Assignment
Pictures do not belong in the copy; print every entry exactly as it stands.

Data entries
---
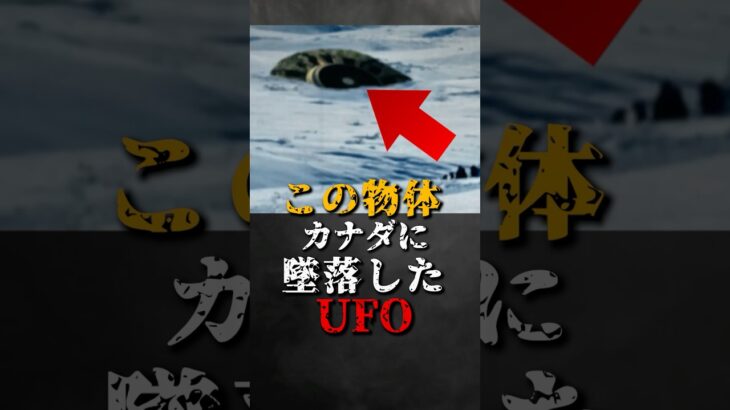 2024年 この物体、カナダに墜落したUFOです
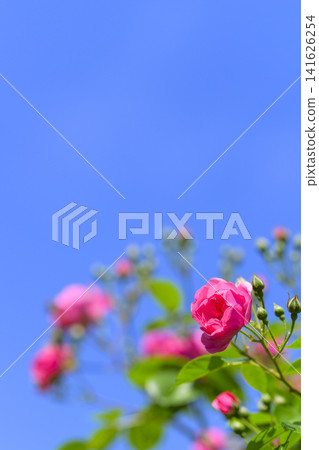 盛開的玫瑰園和蔚藍的天空 盛開的玫瑰園和蔚藍的天空 141626254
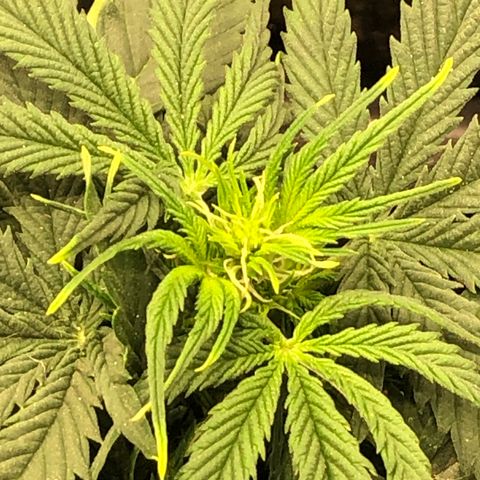 Northern Lights Auto (Seedsman) growlog timeline photo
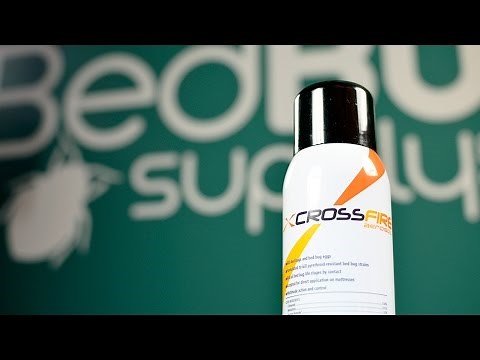 CrossFire Aerosol Bed Bug Spray Review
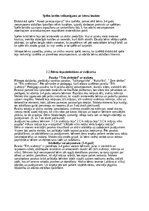 Prakses atskaite 'Pirmskolas izglītība', 6.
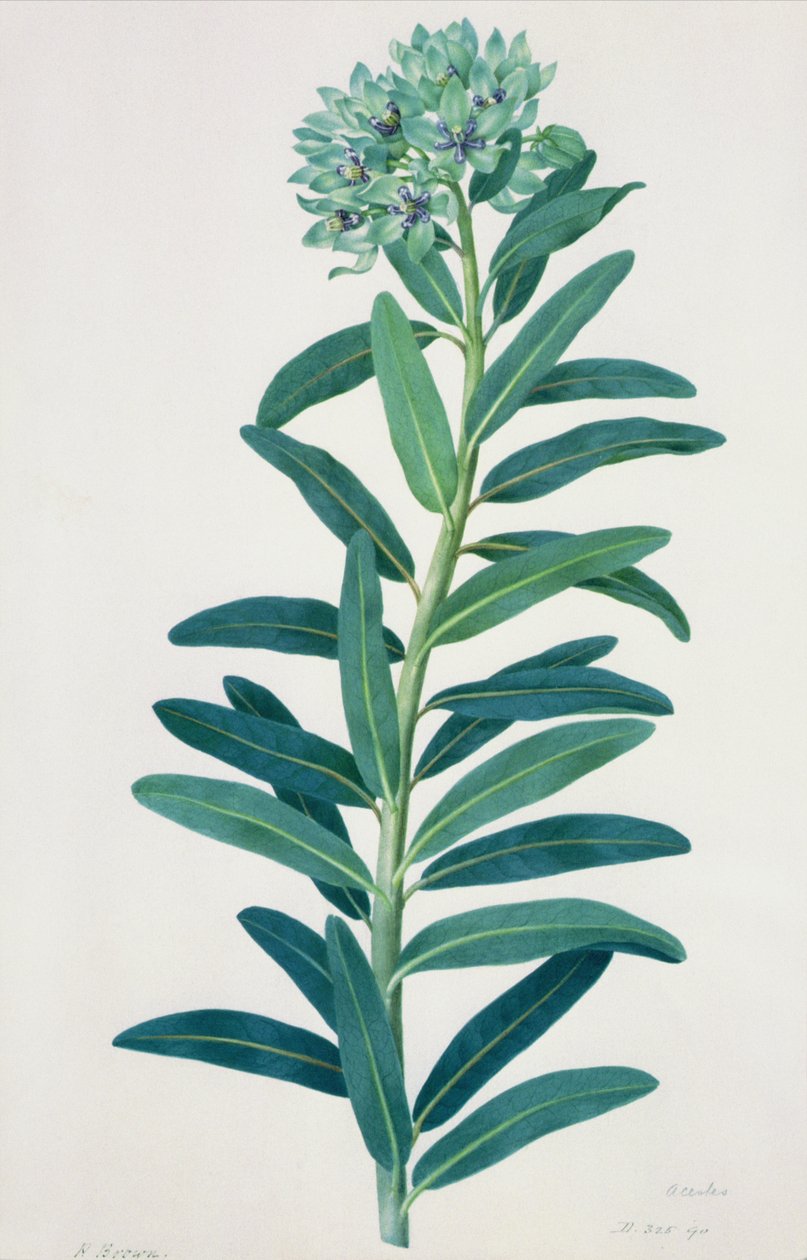 Glaïeuls - Peter Brown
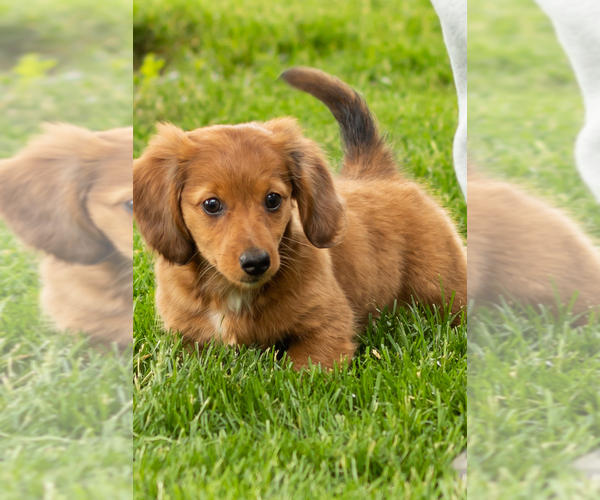 Medium Photo #1 Dachshund Puppy For Sale in BREMEN, IN, USA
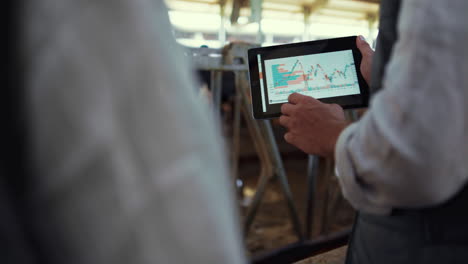 las manos del propietario de la granja sosteniendo la tableta en el establo de vacas de cerca. equipo de agribusiness trabajando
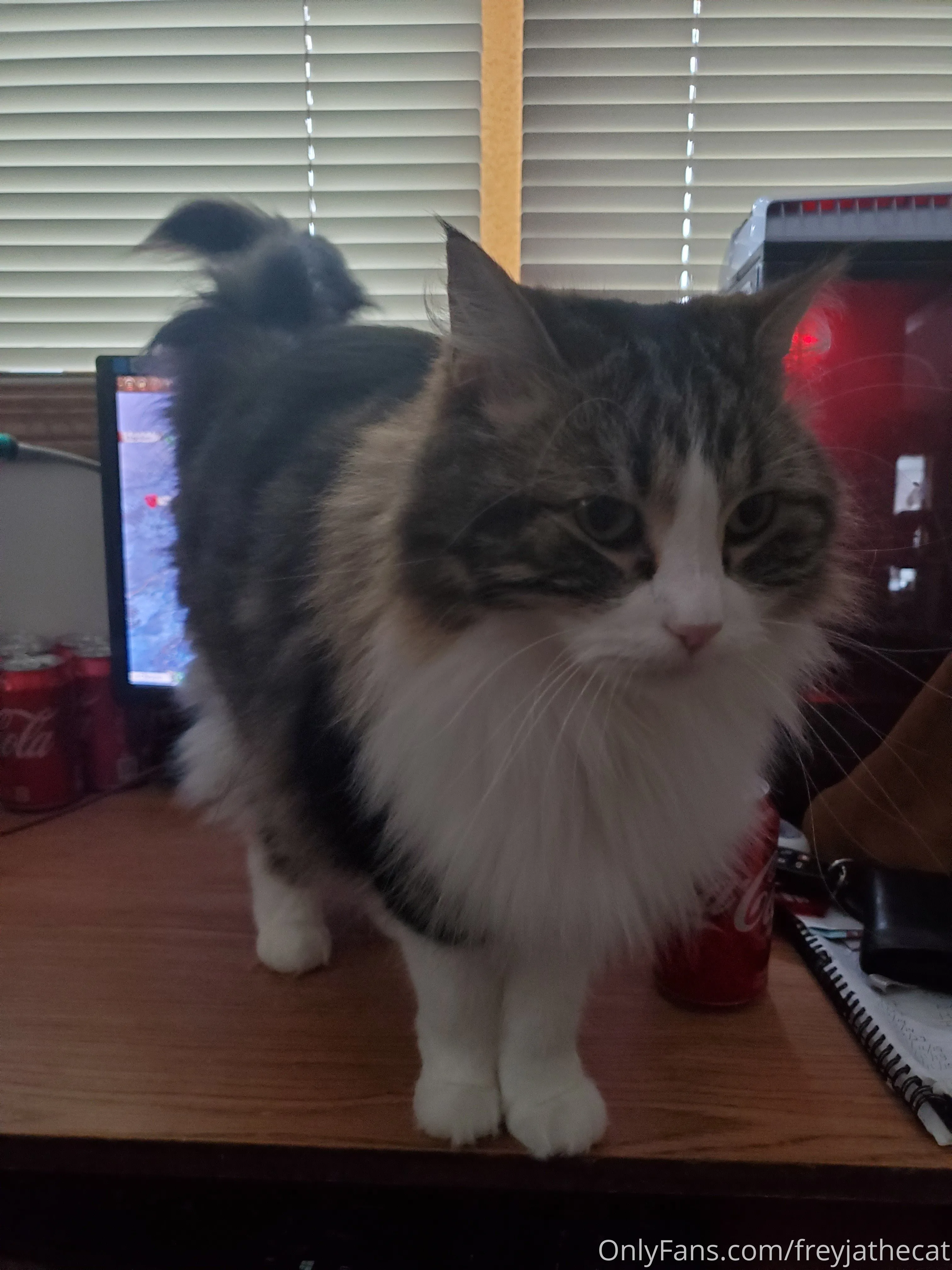 Freyja the Cat OnlyFans free account photo 19 - freyjathecat nudes and sex tapes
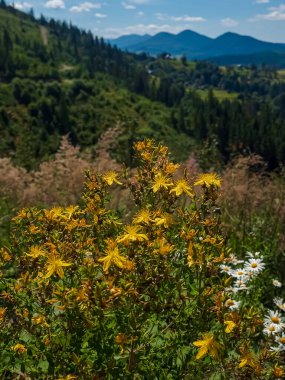 Dağlarda güzel çiçekler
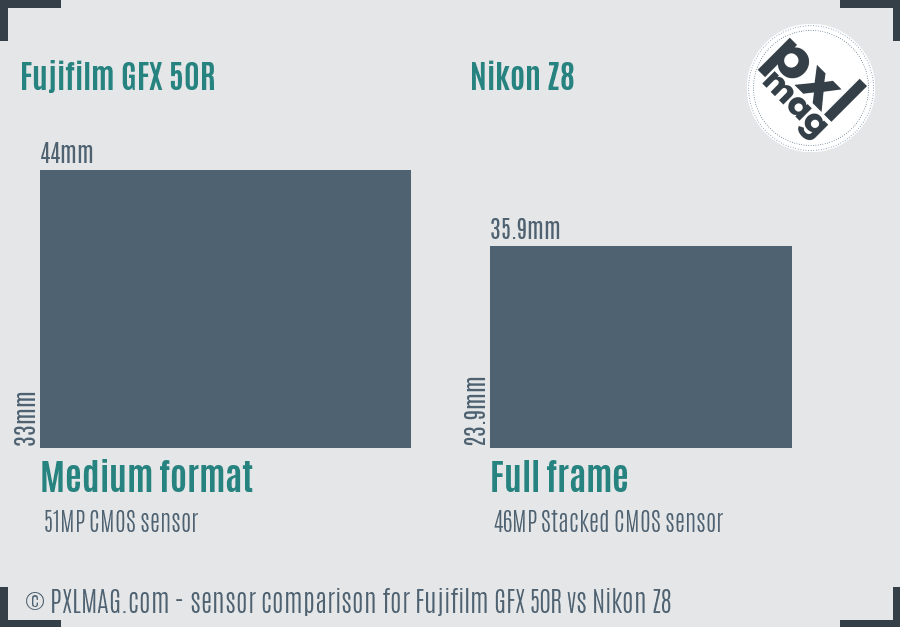 Fujifilm GFX 50R vs Nikon Z8 sensor size comparison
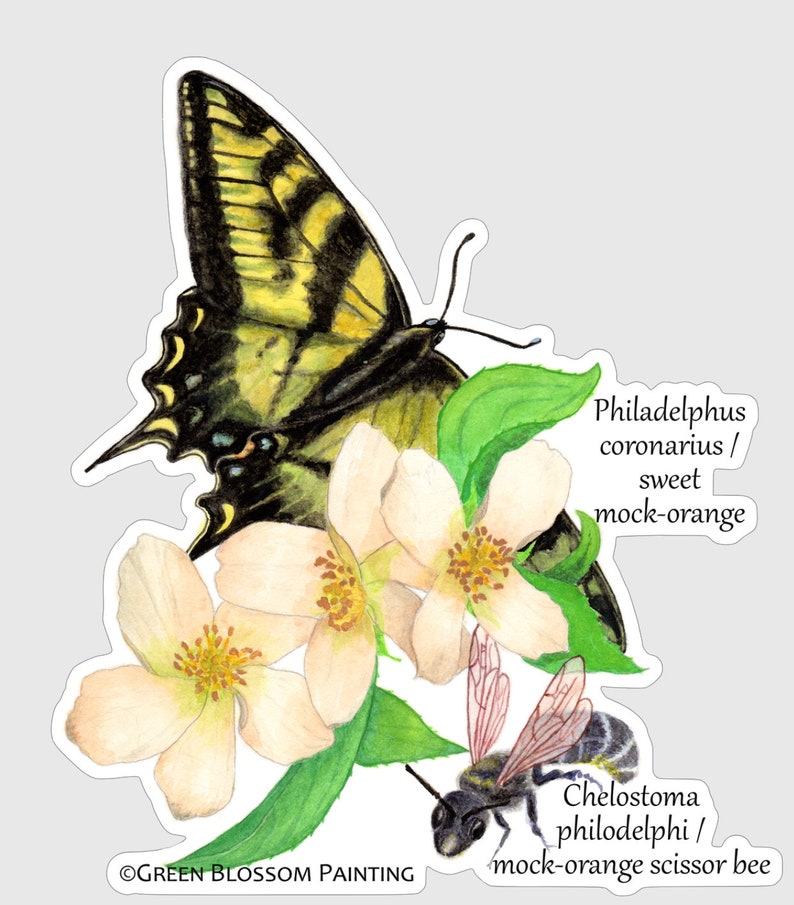 May include: A watercolour painting of a yellow and black swallowtail butterfly perched on a branch of white mock orange blossoms. A black and pink mock-orange scissor bee is also depicted on the branch. The text "Philadelphus coronarius / sweet mock-orange" and "Chelostoma philodelphi / mock-orange scissor bee" are written below the image. The text "OGREEN BLOSSOM PAINTING" is written in the lower left corner.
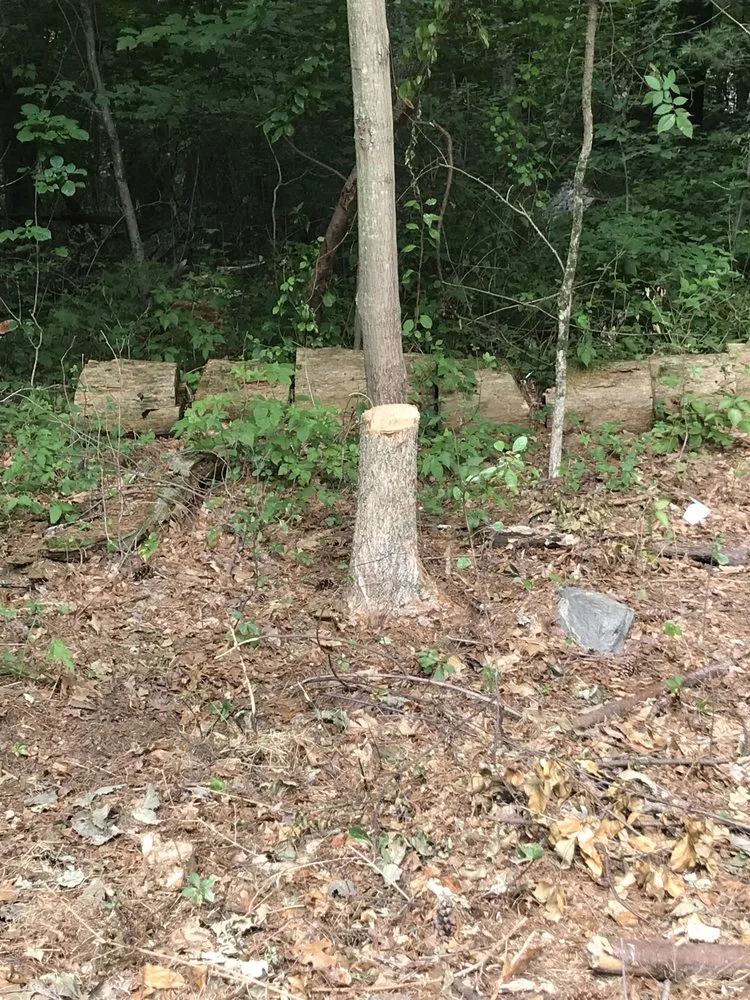 Trusted landscape design for year-round maintenance in Walpole, MA by Brennan Tree & Landscaping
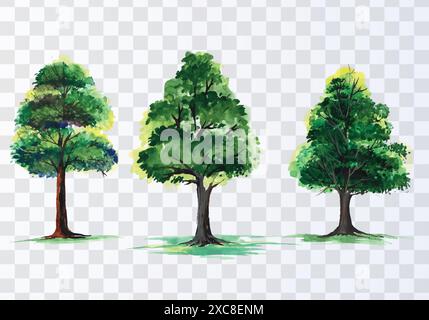 Ensemble de divers arbres d'aquarelle sur fond transparent Illustration de Vecteur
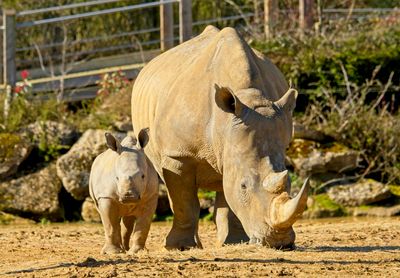 Southern White Rhino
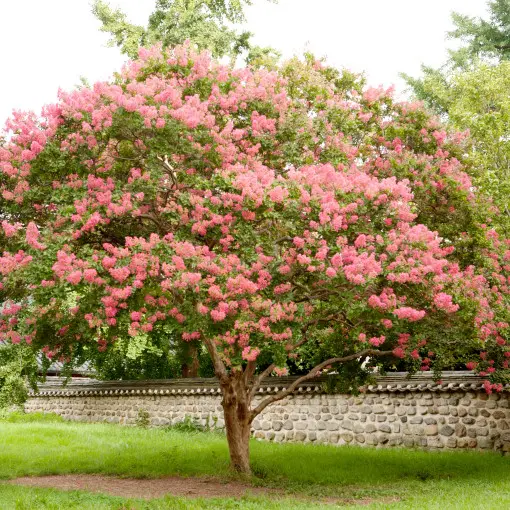 Lagerstremia indyjska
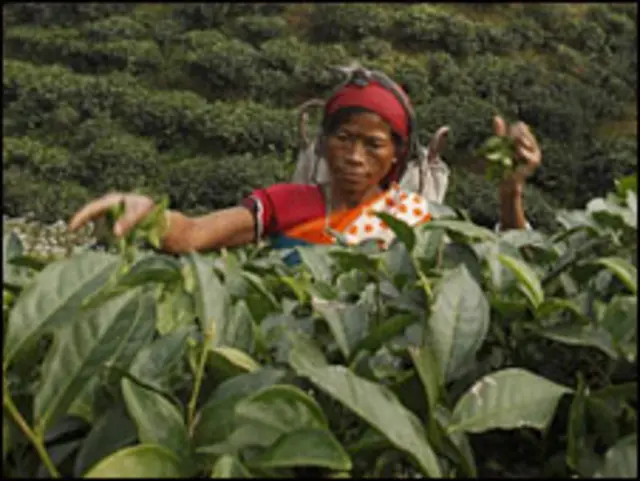 चाय बागान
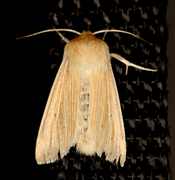 Halmgult gressfly (Mythimna pallens)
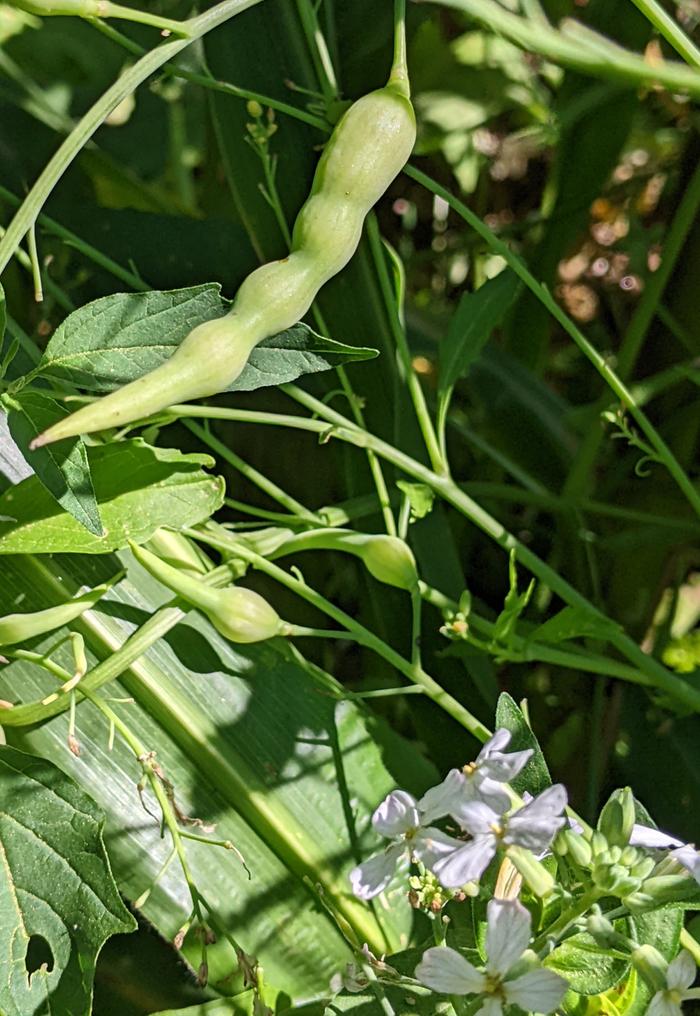 Daikon Radish seed
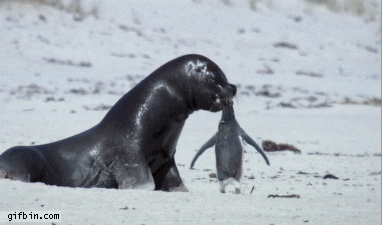 Seal Vs. Penguin | Best Funny Gifs Updated Daily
---
Result
 2024年 この物体、カナダに墜落したUFOです
 盛開的玫瑰園和蔚藍的天空 盛開的玫瑰園和蔚藍的天空 141626254
 Northern Lights Auto (Seedsman) growlog timeline photo
 CrossFire Aerosol Bed Bug Spray Review
 Prakses atskaite 'Pirmskolas izglītība', 6.
 Glaïeuls - Peter Brown
 Medium Photo #1 Dachshund Puppy For Sale in BREMEN, IN, USA
 las manos del propietario de la granja sosteniendo la tableta en el establo de vacas de cerca. equipo de agribusiness trabajando
 Freyja the Cat OnlyFans free account photo 19 - freyjathecat nudes and sex tapes
 Dağlarda güzel çiçekler
 Fujifilm GFX 50R vs Nikon Z8 sensor size comparison
 May include: A watercolour painting of a yellow and black swallowtail butterfly perched on a branch of white mock orange blossoms. A black and pink mock-orange scissor bee is also depicted on the branch. The text "Philadelphus coronarius / sweet mock-orange" and "Chelostoma philodelphi / mock-orange scissor bee" are written below the image. The text "OGREEN BLOSSOM PAINTING" is written in the lower left corner.
 Trusted landscape design for year-round maintenance in Walpole, MA by Brennan Tree & Landscaping
 Ensemble de divers arbres d'aquarelle sur fond transparent Illustration de Vecteur
 Southern White Rhino
 Lagerstremia indyjska
 चाय बागान
 Halmgult gressfly (Mythimna pallens)
 Daikon Radish seed
 Seal Vs. Penguin | Best Funny Gifs Updated Daily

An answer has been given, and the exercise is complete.